Por que ‘A Natureza da Mordida’ só bombou neste ano se é o melhor livro de Carla Madeira?
Publicada em 2018 por uma editora independente, obra ganhou nova edição pela Record e conquistou público e crítica
Que me perdoe quem dorme com Tudo É Rio (2014) ou Véspera (2021) debaixo do travesseiro: a melhor obra de Carla Madeira é, definitivamente, A Natureza da Mordida.
É seu realismo desconcertante que obriga o leitor a se colocar no lugar do outro, desestabilizando as fronteiras entre o bem e o mal, se é que tal coisa existe.
Se nos outros dois livros a linguagem poética se mistura com um enredo fabuloso — direito até a desfechos de cunho moral —, este traz protagonistas que poderiam estar ali na banca da esquina. E estão.
Isso sem perder a característica que elevou Carla Madeira ao posto de melhor autora brasileira da atualidade: a capacidade de colocar em palavras emoções e sentimentos que nem sabíamos que tínhamos (mas agora que sabemos não podemos viver sem eles).
A primeira frase do livro já antecipa no que toda a história se apoia. Não é na falta, no remorso, na tristeza: é na perda. “O que você não tem mais que te entristece tanto?”
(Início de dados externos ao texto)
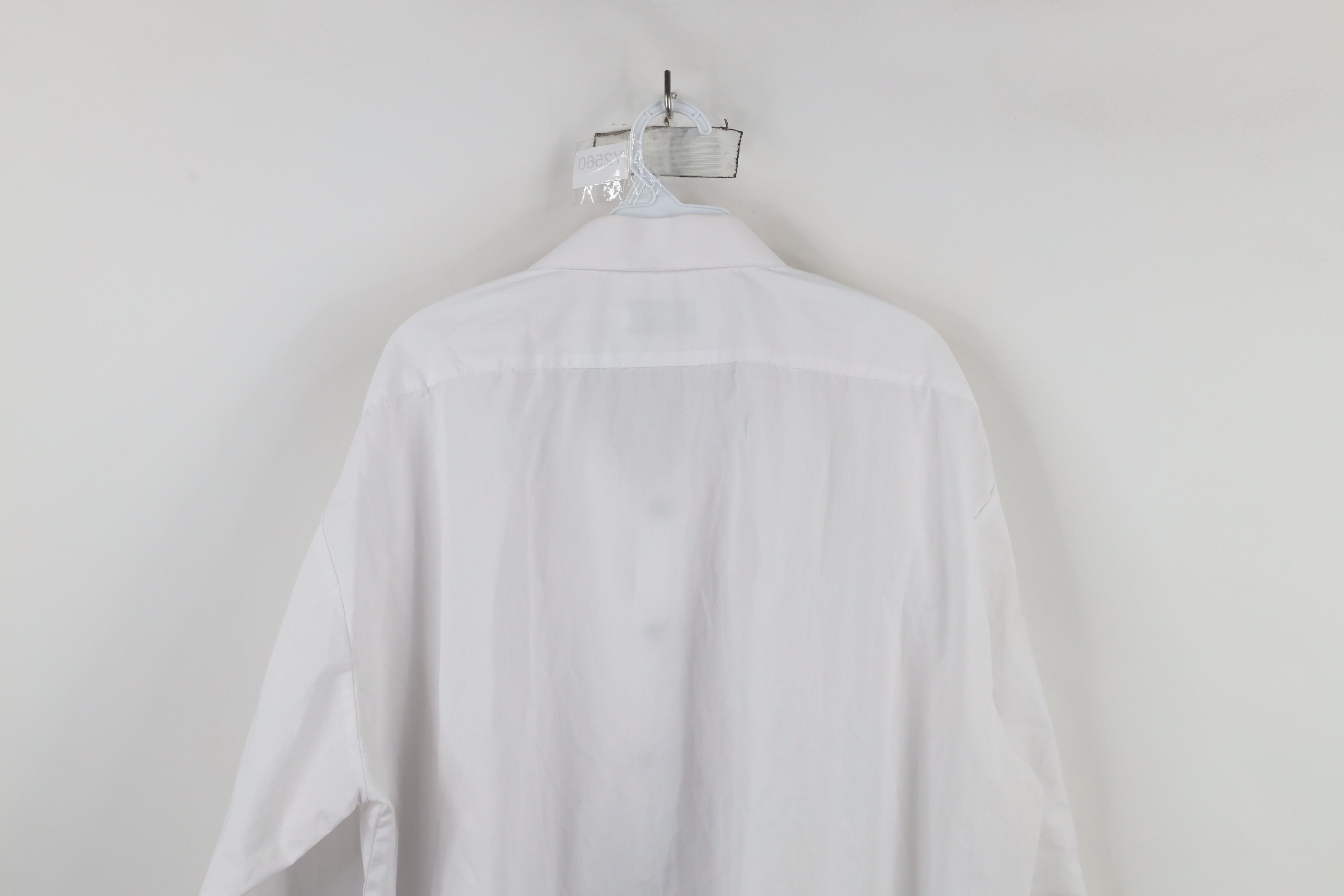 Vintage Vintage 90s Streetwear Tuxedo Prom Collared Button Shirt Size US XXL / EU 58 / 5 - 14 Thumbnail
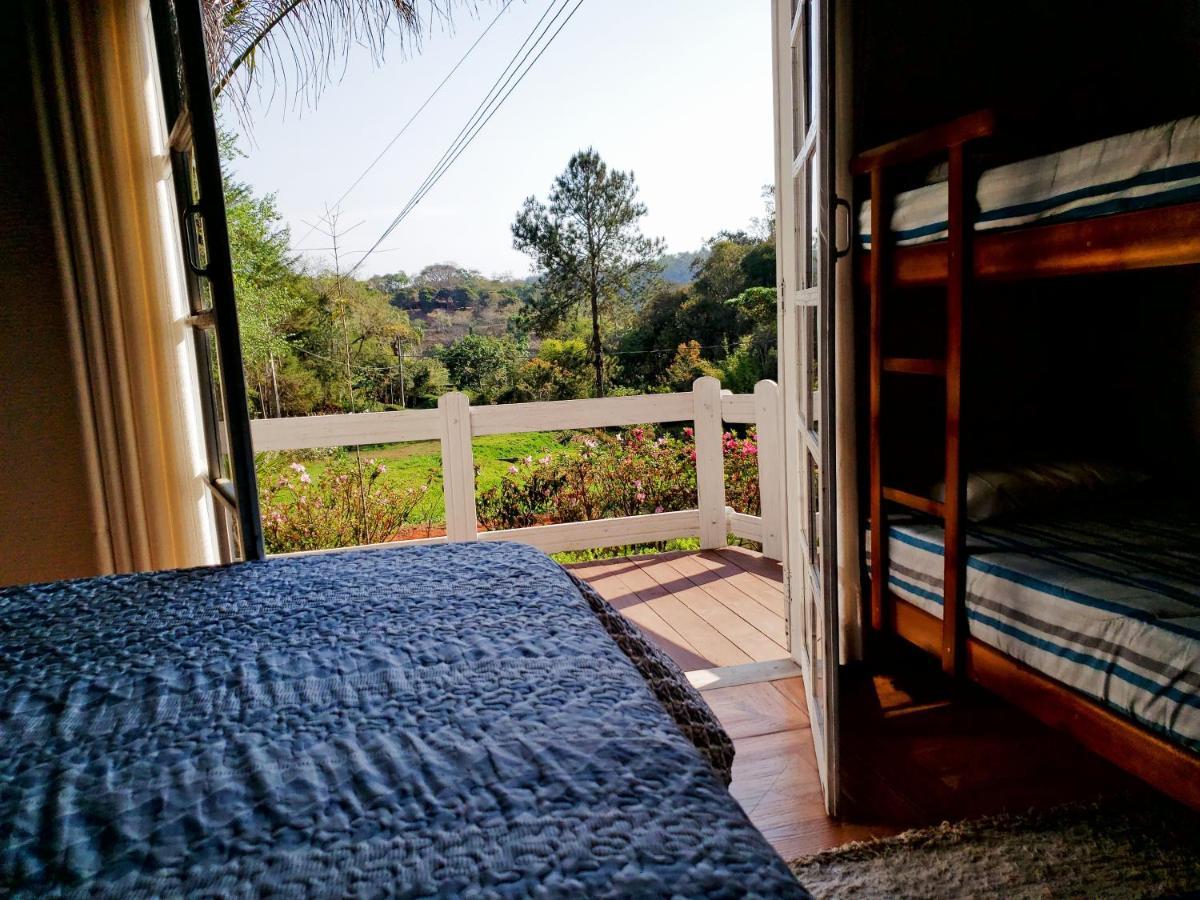 Casa Grande Da Montanha - Sitio Pasangas Villa Santo Antônio do Pinhal Eksteriør billede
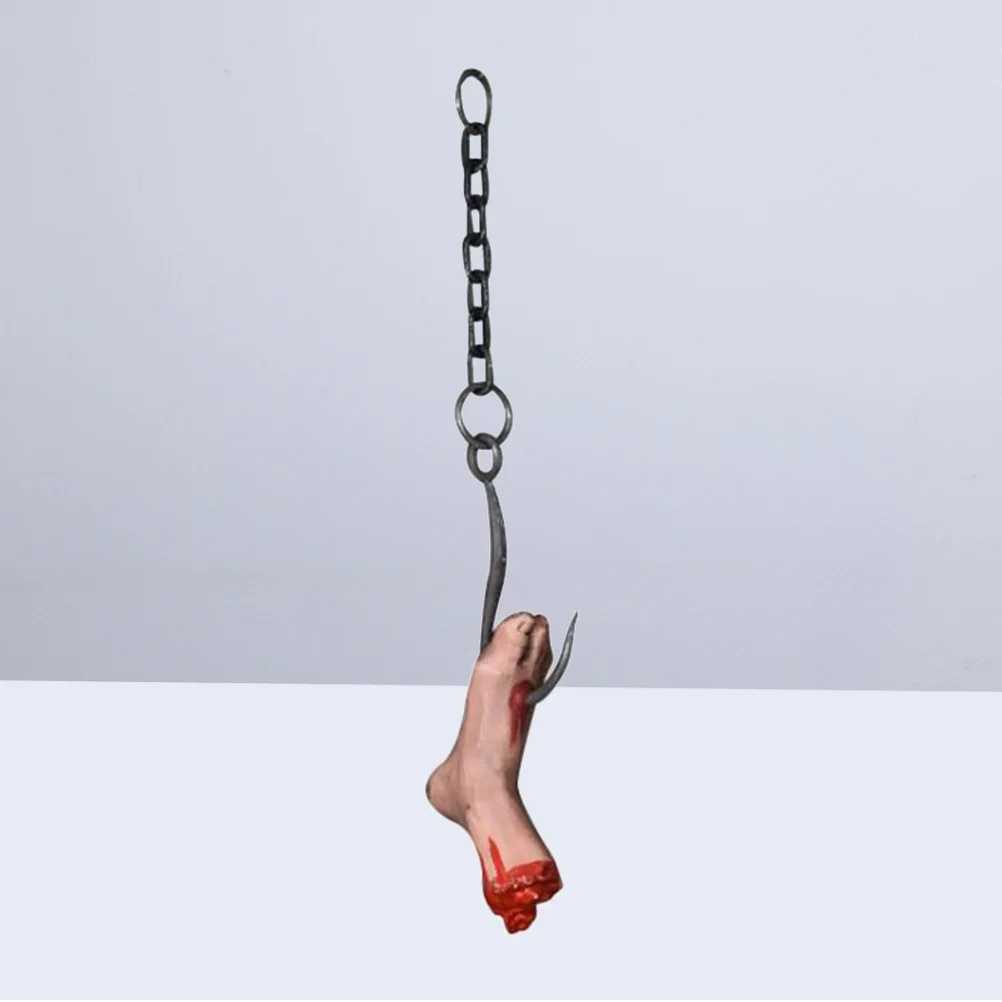 

Trick Party Body Parts Prop Creepy Ornaments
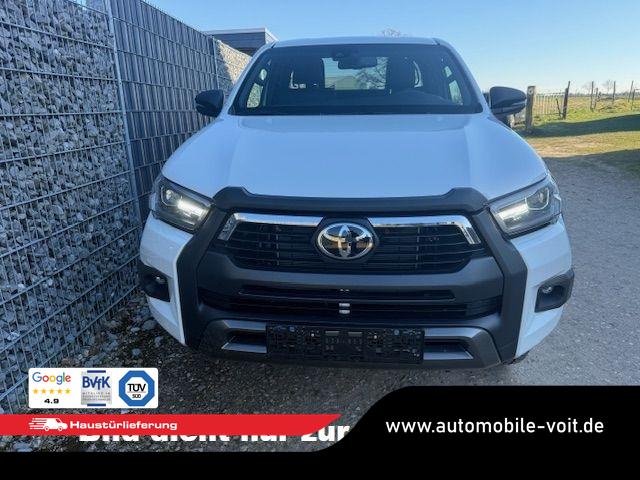 Toyota Hilux Extra Cab - 2.8 D-4D AT 4WD Professional Ash grey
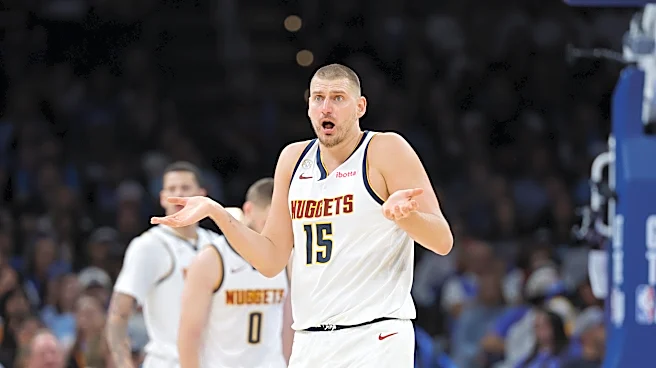 How Nikola Jokic is taking this OKC Thunder player under his wing in mentorship role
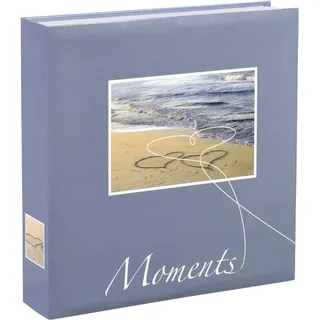 Hama 00010674 Einsteck-/Memoalbum Livorno 22x22 200 Fotos 10x15+CD-Ablage 10674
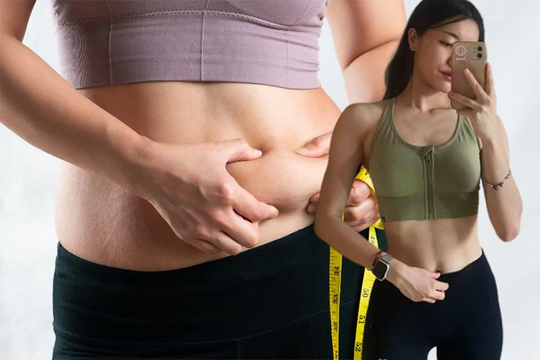 Lời khuyên giúp giảm mỡ bụng đến từ chuyên gia Nhật Bản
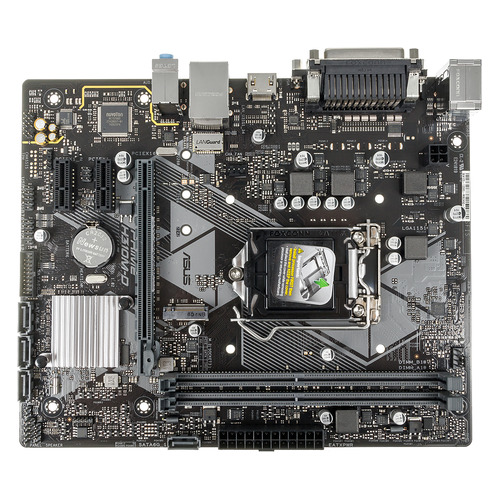 

Материнская плата ASUS PRIME H310M-D, LGA 1151v2, Intel H310, mATX, Ret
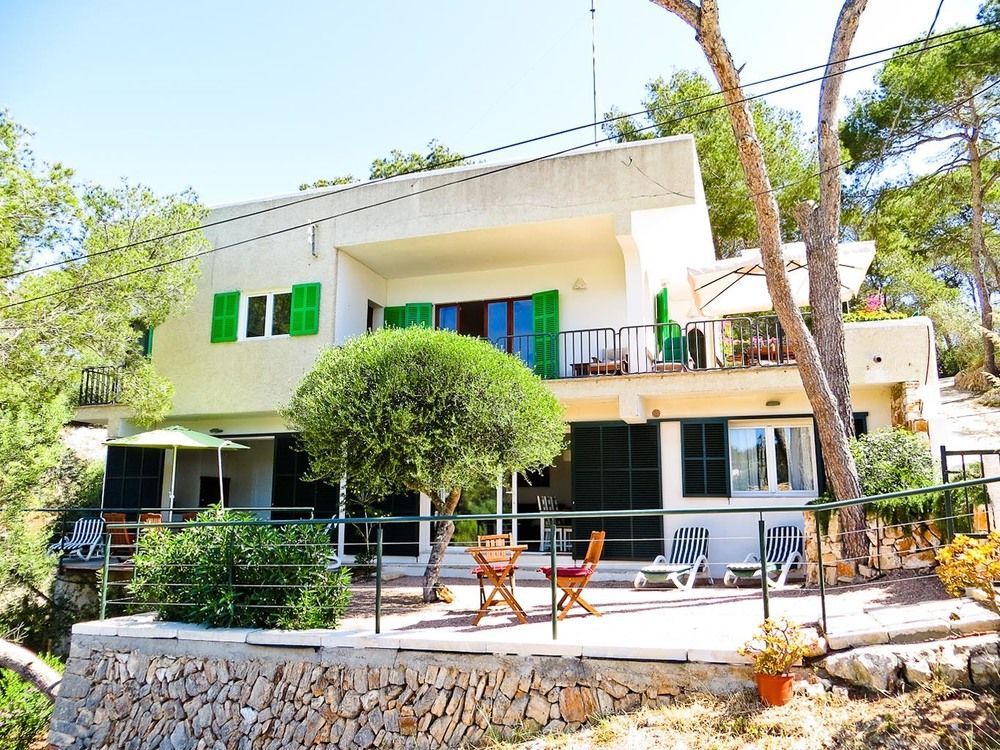 Villa Can Joana Cala Figuera  Exteriör bild
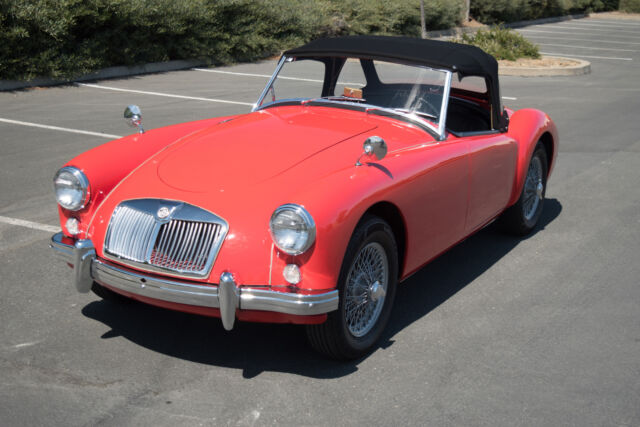 MG MGA 1957 image number 4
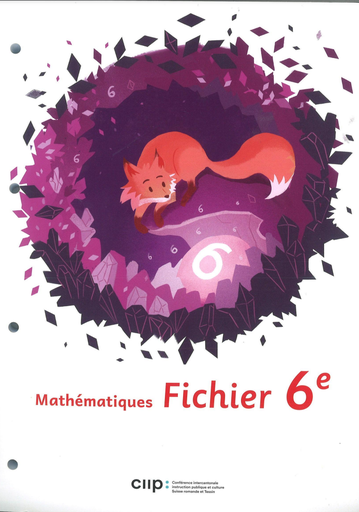 [12415] Mathématiques 6e, fichier élève CATARO 022452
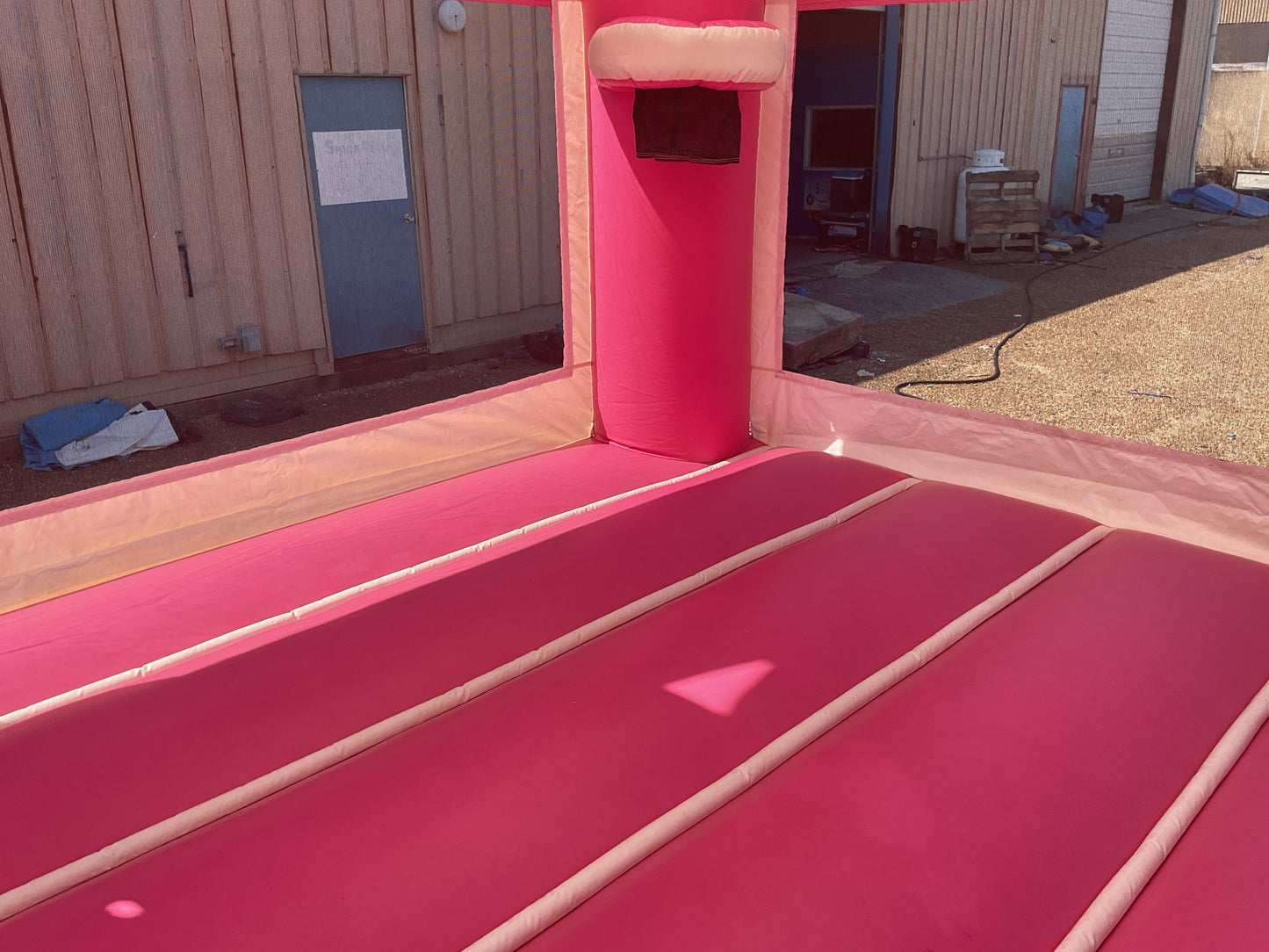 Pink Castle Bounce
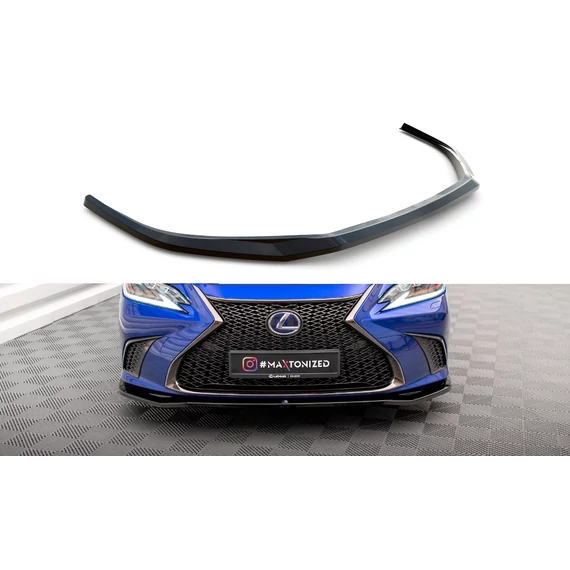 Első Splitter V.1 Lexus ES F Sport Mk7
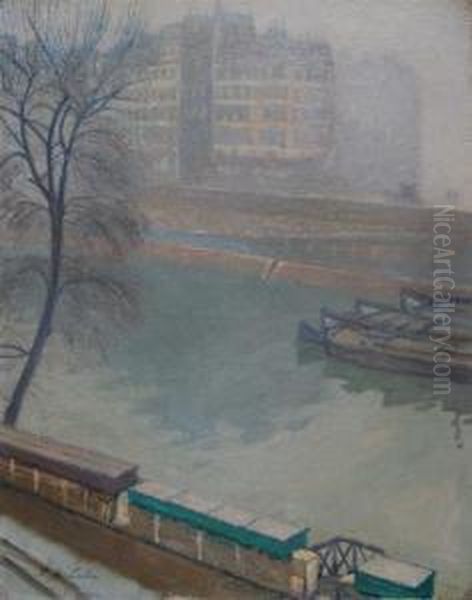 The Seine, Paris - view 1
Quem pergunta é Biá, uma psicanalista aposentada que sofre de Alzheimer, ao encontrar a jovem jornalista Olívia sentada na livraria que as duas frequentam.
Elas ficam amigas e seus relatos passam a se alternar, dando forma aos capítulos do livro. Ambas perderam pessoas muito importantes para elas.
Enquanto as anotações de Biá são esparsas, confusas e parecem escorrer aos dedos, assim como sua memória, a trajetória de Olívia é clara e firme, mas não por isso menos dolorosa.
Extremamente feminina, a narrativa coloca o sacrifício materno no centro do novelo de onde as outras questões se desenrolam.
Mas isso demora um pouco para ocorrer. E talvez seja o motivo pelo qual Tudo É Rio e Véspera tenham emplacado antes.
Publicado em 2018 por uma editora independente, A Natureza da Mordida ganhou edição pela Record só em 2022.
Passada a página 2, contudo, as camadas são muito mais profundas. Não é bem aquele tipo de livro para ler na praia, se é que você me entende.